На второй этаж уводили роптавших, оттуда слышались выстрелы. Потом вызывали мужчин убирать трупы, но обратно они уже не возвращались – их тоже расстреливали. (В кабинете на втором этаже я через несколько дней вижу батареи под окном в крови, там лежат сигареты – их принесли друзья и родственники погибших, представляя, как перед смертью кто-то из них мечтал о последней затяжке.) Но одному удалось бежать. Он переваливал через подоконник своего умирающего земляка-армянина, тот умолял: «Добей!» – «Как я могу? Ты что?» Один из двоих охранников вышел, оставшийся менял рожок автомата, мужчина перевалил раненого через подоконник и выпрыгнул сам. Охранник начал стрелять вслед, беглец пополз, волоча поврежденную ногу. Милиционеры бросили дымовую шашку, и он дополз. И рассказал, что происходит внутри школы.
Охрана безопасности жизни
Снаружи в это время царил хаос. Штаб, руководимый начальником управления ФСБ по Северной Осетии Андреевым, не добился взаимопонимания с руководством республики и местными властями. Как, например, можно было организовать тройное кольцо оцепления, занизив число заложников? В цепь рядом с собровцами и омоновцами встали местные жители с белыми повязками, вооруженные винтовками, и приехавшие из Южной Осетии автоматчики и пулеметчики.
Московское начальство велело поменьше упоминать о требованиях террористов. А они, кроме вывода войск из Чечни и освобождения своих соратников по бандитскому налету на Ингушетию в июне, потребовали доставить в школу тогдашних президентов Северной Осетии и Ингушетии Дзасохова и Зязикова, советника президента России Аслаханова и детского доктора Рошаля, причем всех четверых. Было ясно, что их приглашают на казнь: Рошаль – «кровник» террористов по «Норд-Осту», Зязиков – основной адресат их атак в Ингушетии, Аслаханов – враг боевиков и соперник кадыровцев.
Требование о выводе войск в любом случае мгновенно выполнить нельзя. Выходит, разработчикам операции нужен был громкий теракт, и скорее всего заложники были заранее обречены, что бы ни происходило снаружи.

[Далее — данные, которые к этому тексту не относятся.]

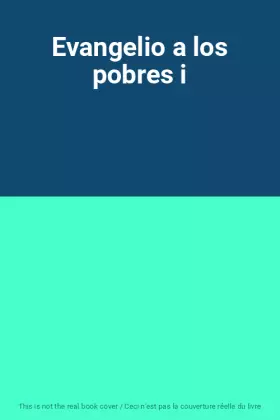 Couverture du produit · Evangelio a los pobres i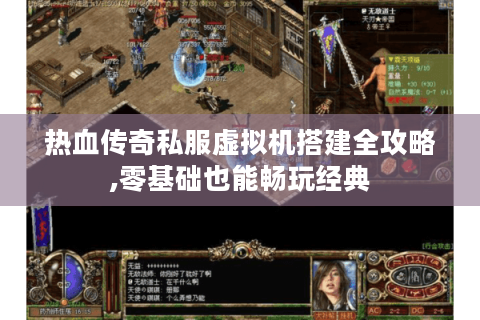 热血传奇私服虚拟机搭建全攻略,零基础也能畅玩经典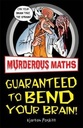 Murderous Maths Guaranteed to bend your brain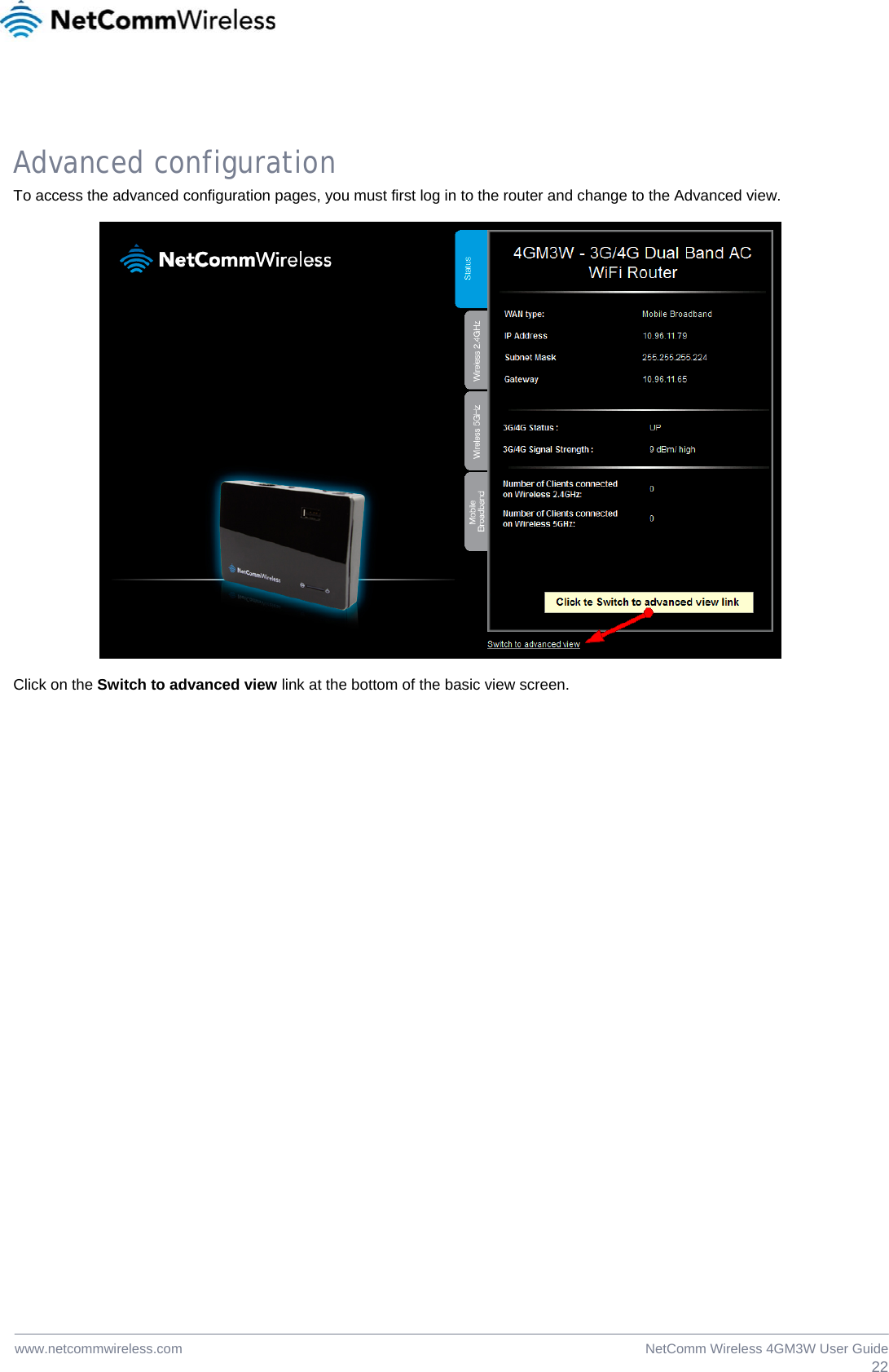  22NetComm Wireless 4GM3W User Guidewww.netcommwireless.com Advanced configuration To access the advanced configuration pages, you must first log in to the router and change to the Advanced view.    Click on the Switch to advanced view link at the bottom of the basic view screen. 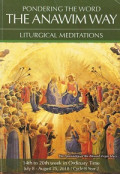 Pondering the word the anawim way (Leiturgical Meditations)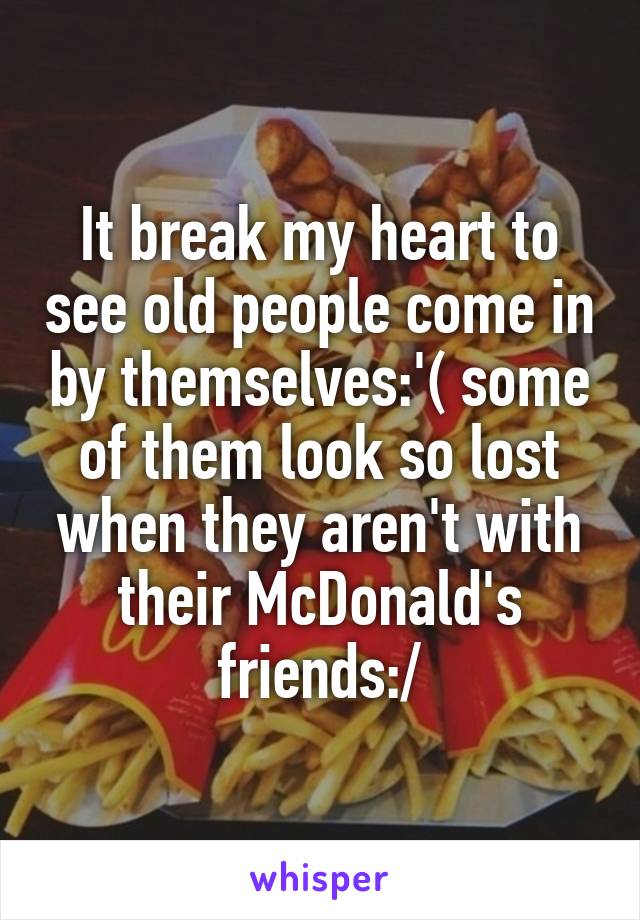 It break my heart to see old people come in by themselves:'( some of them look so lost when they aren't with their McDonald's friends:/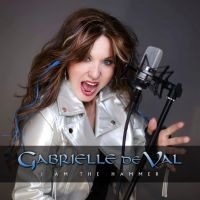 Gabrielle De Val - I Am The Hammer i gruppen CD / Hårdrock hos Bengans Skivbutik AB (5627226)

Но сначала боевики проявили колебания – допустили в школу Руслана Аушева, бывшего президента Ингушетии, создавшего в свое время благоприятный климат для тылов Масхадова. Аушев попросил отпустить детей своего знакомого турецкого бизнесмена. Вместе с ними террористы неожиданно отпустили матерей с грудными детьми – 26 человек. На этом фоне бездействие Дзасохова особенно раздражало бесланцев и всю Осетию. А президент республики объяснял землякам, что в школу его не пускает Москва.
Аушев с разрешения Москвы обратился к заграничному эмиссару ичкерийцев Ахмеду Закаеву, чтобы тот связался с Асланом Масхадовым (на тот момент – главным сепаратистом) и попросил его выступить посредником. Масхадов обещал перезвонить, но не перезвонил. Возможно, он вел переговоры с Басаевым, организовавшим захват. А после объявил, что организаторов теракта надо бы судить, но военная обстановка не позволяет этого.
Второго сентября Рошаль сказал, что дети без пищи и еды смогут протянуть до вечера третьего или утра четвертого, а потом начнут умирать. (Многие из спасшихся действительно были обезвожены и серыми лицами напоминали узников Бухенвальда.) Надежда на успех переговоров затеплилась, когда террористы согласились подпустить к школе двух сотрудников МЧС, чтобы те вынесли трупы. Почему-то пошли не санитары, а два высоких чина – эксперты говорят, хотели разведать возможность штурма. И в это время – в 13.05 третьего сентября – грянул взрыв в спортзале, а через несколько секунд – другой.